What this means is that investors are far more likely to lose money in a leveraged silver bullion investment strategy than they are to make money or even break even.
Conversely, what happens if silver declines during this same period of time? March, 2020 saw violent swings in the spot silver price. Those people with two, three or four times leveraged accounts saw their entire account value wiped out as the leveraged silver bullion dealers liquidated silver to protect their collateral.
Using our same example of $100 being used to acquire 10 ounces of silver, with an additional 20 ounces acquired with a $200 loan, how does our account fair in a down market?
After deducting commissions of $2/oz. on the 30 ounces, the net value of the account is $40. If silver declines $1.50 per ounce, to $6.50 (an 18.7% decline) the value of the collateral disappears, and the silver is sold to pay off the loan. Here’s an example:
Account value with silver at $8: $240 (30 oz. @ $8)
Loan amount: $200
Net account value: $40
Account value with silver at $6.50: $195 (30 oz. @6.50)
Loan amount $200
Net account value: ($5)
As is evident, with a 18.7% percent decline the entire account is wiped out, as the leveraged silver bullion house will sell the silver to protect its collateral.
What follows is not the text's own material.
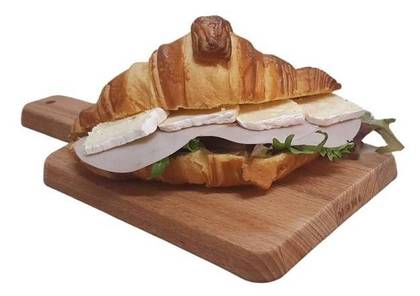 Croissant Salgado de Fiambre de Peru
The above examples don’t take into account that the account’s value is being eaten away every month by storage and interest charges, or that the firm factors in a sales charge at liquidation. With this in mind, the firm will likely liquidate the account long before the decline reaches 18.7%. It will liquidate to protect its interests with a 15% decline. Using current pricing, this means that if silver declined from $18 to $15.30, an account using 2X leverage would be wiped out. However, because some firms allow 3X leverage (or more), declines of 10% would be sufficient to wipe out the account’s value. That is the reality for most victims of this unscrupulous industry.
To sum up: In order to earn a modest 2.6% return with a leveraged silver bullion strategy using 2X leverage, the price of silver needs to increase 37.5% in a single year. Contrast that with the fact that if silver declines 18% during that same time, the entire account will be wiped out. And, the longer an investor holds the leveraged position, the more interest and storage costs eat into any return. Clearly the risk return analysis is not a positive one for the investor.
Compare that with how the leveraged silver bullion firm makes out: seventy five cents of every dollar deposited is consumed by commissions ($2 on the buy, .5 on the sale), while ten cents or more of every dollar goes to pay interest for the loan. Add storage at 1%, and it’s clear that virtually every penny deposited into a leveraged silver bullion strategy is consumed by fees and costs.
Given the high pressure sales tactics, and unconscionable fees, investors would be well advised to stay far away from leveraged silver bullion firms that operate more like criminal enterprises than legitimate investment firms.